---- Data for review

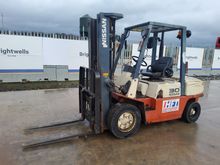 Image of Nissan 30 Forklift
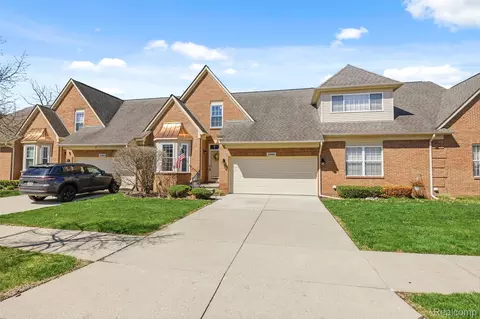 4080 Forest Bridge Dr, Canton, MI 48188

--------
---- Data for review

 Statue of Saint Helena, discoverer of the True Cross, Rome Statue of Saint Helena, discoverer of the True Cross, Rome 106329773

--------
---- Data for review

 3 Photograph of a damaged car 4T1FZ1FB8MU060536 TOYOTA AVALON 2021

--------

* Action item *
In the material above, one part opens with the line containing "Image of Nissan 30 Forklift" and closes with the line containing "4080 Forest Bridge Dr, Canton, MI 48188". Write out that part exactly and skip its pictures.

* Task answer *
 Image of Nissan 30 Forklift
 4080 Forest Bridge Dr, Canton, MI 48188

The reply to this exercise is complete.